BackgroundRecently, while debugging an issue with a multi-threaded daemon and nanosleep(2), I was surprised to find that the single-threaded version of the daemon ran four times as fast (in wall clock time) as the multi-threaded version. (The system and user times were the same.) I was surprised because there was very little locking--only the call to FCGX_Accept was synchronized and the protected section of code was really really fast--no file reads, no database calls--just memory access.
- Created a FastCGI daemon that responds with a big web page (94kB).
- Ran http_load with ten clients in parallel, making requests as fast as they could for 60 seconds.
- 15,473 total fetches
- 258 fetches/second
- 2.5 x 10^7 bytes/second
- 0.23 mean msecs/connect
- 37.3 mean msecs/first response
- 15,473 HTTP 200 responses
Benchmark With Slow ClientThe second test ran the same http_load call, but this time after starting a second http_load call in another console that throttled the client to receive approximately 1,000 bytes/second. (This is much slower than a modem, which can generally at least to 33,000 bytes/second.) Note that the http_load call to do this is not documented in the manual page; it is:
$ http_load -Throttle 10000 -parallel 5 -seconds 60 urlsResults:
- 13,757 fetches
- 229 fetches/second
- 2.2 x 10^7 bytes/second
- 0.23 mean msecs/connect
- 41.8 mean msecs/first-response
- 13,757 HTTP 200 responses
- 1 fetch
- 0.01 fetches/second (ran for 90 seconds)
- 1,079 bytes/second
- 0.61 mean msecs/connect
- 4.2 mean msecs/first-response
- 1 HTTP 200 response
ConclusionAfter writing this up, I think the test is in fact worthless! Here's why--watching netstat, I can see the Recv-Q of the socket is filled when running the throttled http_load. I think this means the data has been transmitted over the network (well, between sockets--the test was run on a single machine), and it is queued somewhere in the operating system. This is not an accurate test of a slow network. Drat, back to the drawing board.

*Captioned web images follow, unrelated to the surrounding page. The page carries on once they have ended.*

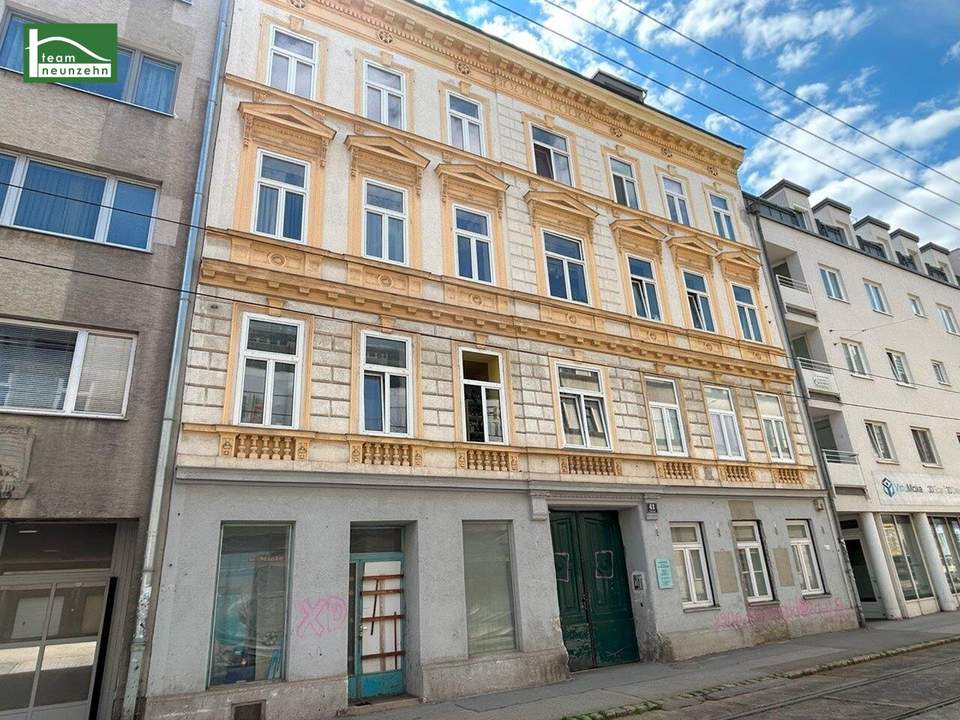 ALTBAU-INVESTMENTWOHNUNG IN TOP LAGE! FÜR ANLEGER. GEBRAUCHTE WOHNUNG UNBEFRISTET VERMIETET - JETZT ANFRAGEN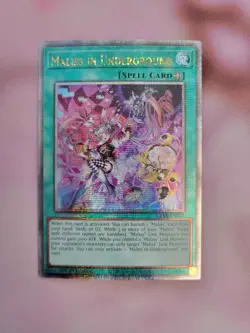 Yugioh Maliss in Underground Quarter Century Secret Rare CRBR-EN021 QCR NM - Image 1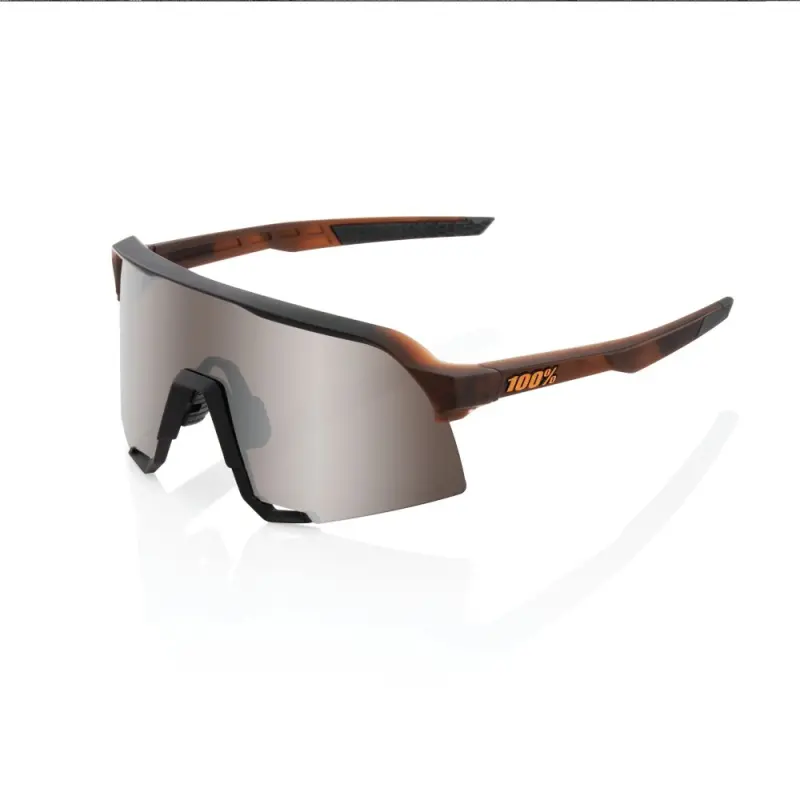 S3 - Matte Translucent Brown Fade - HiPER Silver Mirror Lens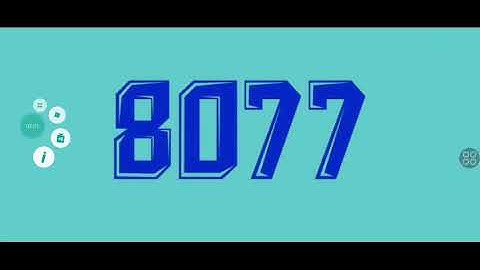 Challenge countdown from 55652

AddendumAfter thinking about this a bit, I took a different approach:
- for throttled client, create a modified http_get utility that uses a socket with a minimal receive buffer (512bytes) and sleep one second between each read call
- run full-speed http_load at same time.
In fact, I suspect with Lighttpd, even if the SO_SNDBUF is not large enough to hold the entire response, it will still fly.
Lightty uses the select loop and multiple send sockets; if a send socket can't hold the entire response, and is backed up in sending the data it does have to the client socket, I would expect the select loop will simply continue to serve the other sockets that are ready to send more data and which are connected to faster clients.